[Short descriptive text snippets]
=== Begin Enclosure ===
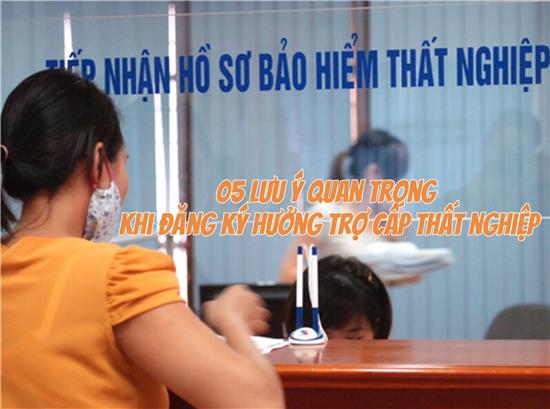 05 Lưu ý quan trọng khi đăng ký hưởng trợ cấp thất nghiệp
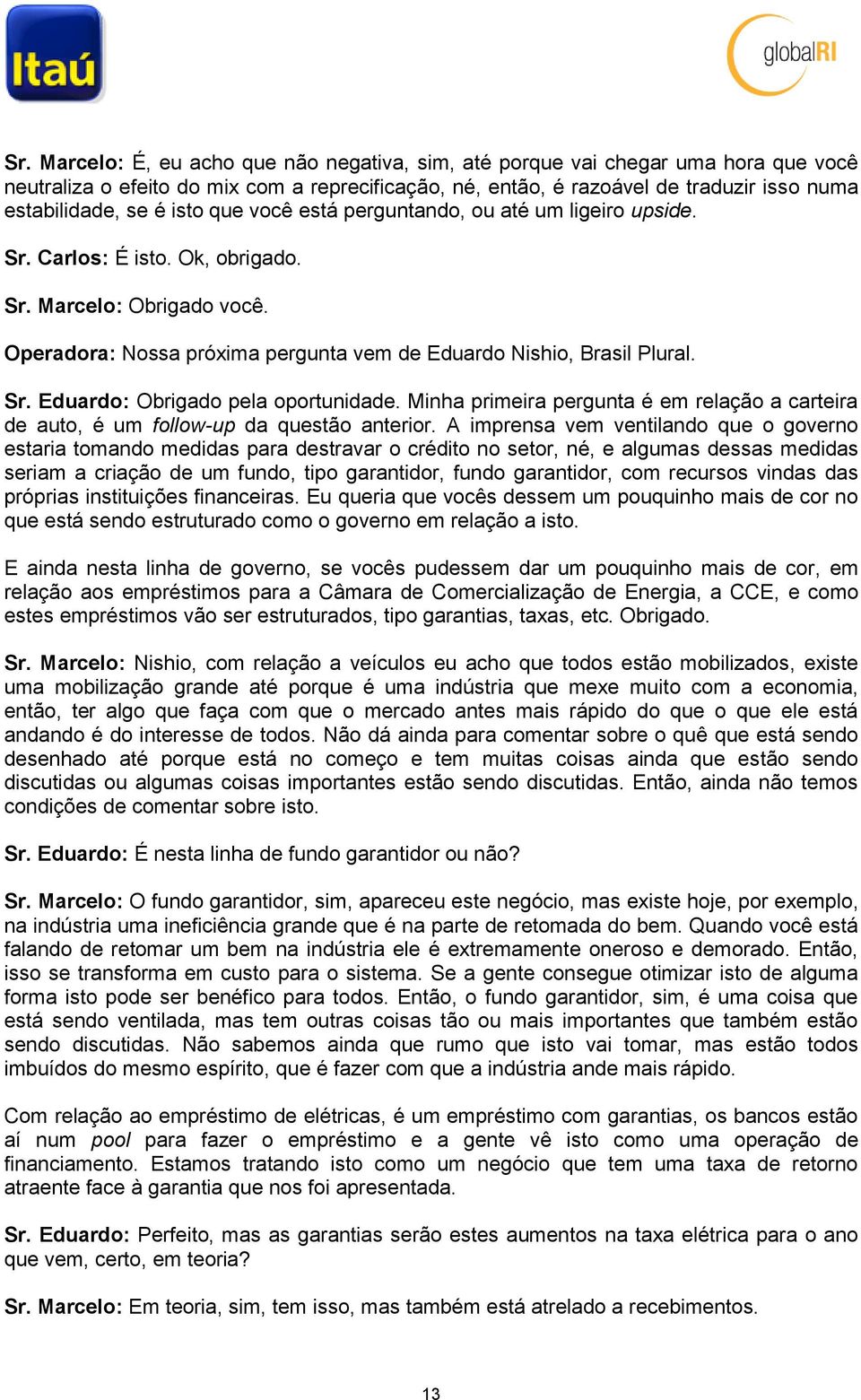 Minha primeira pergunta é em relação a carteira de auto, é um follow-up da questão anterior.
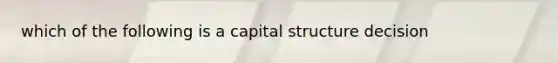 which of the following is a capital structure decision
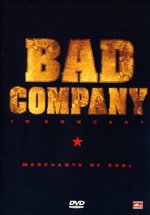 Film: Bad Company - In Concert/Merchants Of Cool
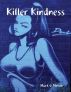 Killer Kindness by Mark G Melvin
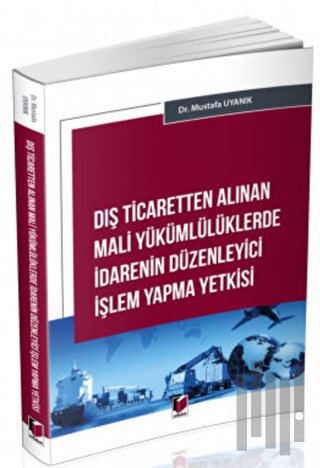 Dış Ticaretten Alınan Mali Yükümlülüklerde İdarenin Düzenleyici İşlem 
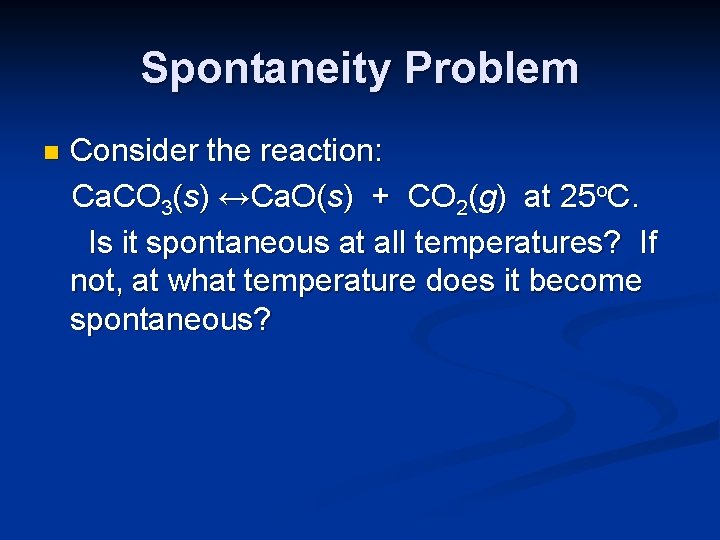 Spontaneity Problem n Consider the reaction: Ca. CO 3(s) ↔Ca. O(s) + CO 2(g)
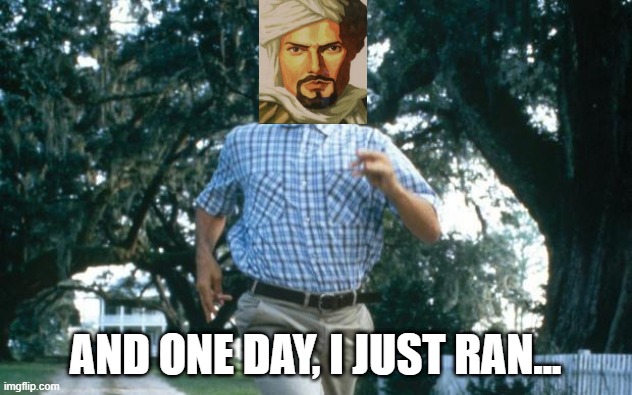 Ibn Battuta Goes on a Trip | AND ONE DAY, I JUST RAN... | image tagged in run forrest run | made w/ Imgflip meme maker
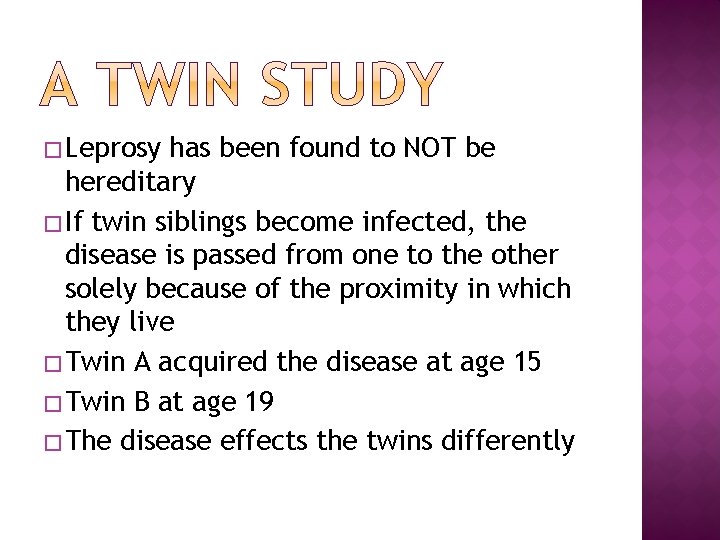 � Leprosy has been found to NOT be hereditary � If twin siblings become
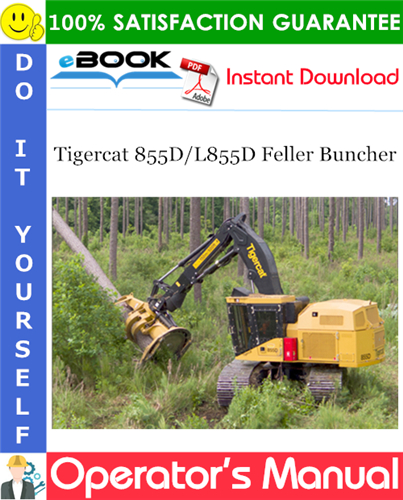 Tigercat 855D/L855D Feller Buncher Operator's Manual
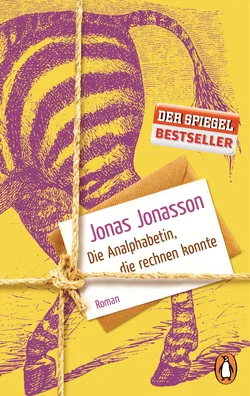 Die Analphabetin, die rechnen konnte - Jonas Jonasson - Bild 1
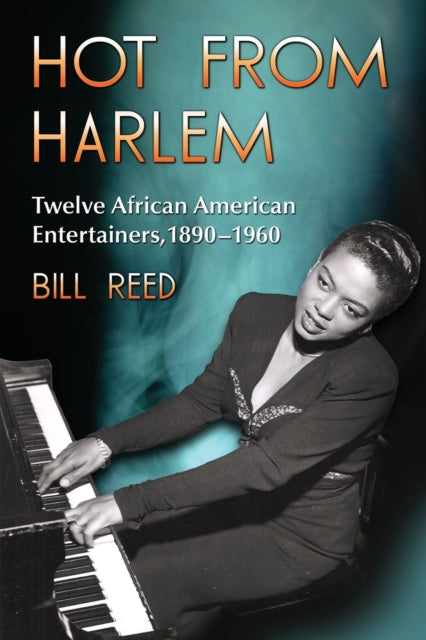 Book cover of: Hot from Harlem. By: Bill Reed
=== End Enclosure ===
* [TASK PROMPT] With the pictures left out, output the lines from the one containing "twin siblings become" through the last line of the records above, exactly as they are.

* [ANSWER SECTION]
 � Leprosy has been found to NOT be hereditary � If twin siblings become
 Tigercat 855D/L855D Feller Buncher Operator's Manual
 Die Analphabetin, die rechnen konnte - Jonas Jonasson - Bild 1
 Book cover of: Hot from Harlem. By: Bill Reed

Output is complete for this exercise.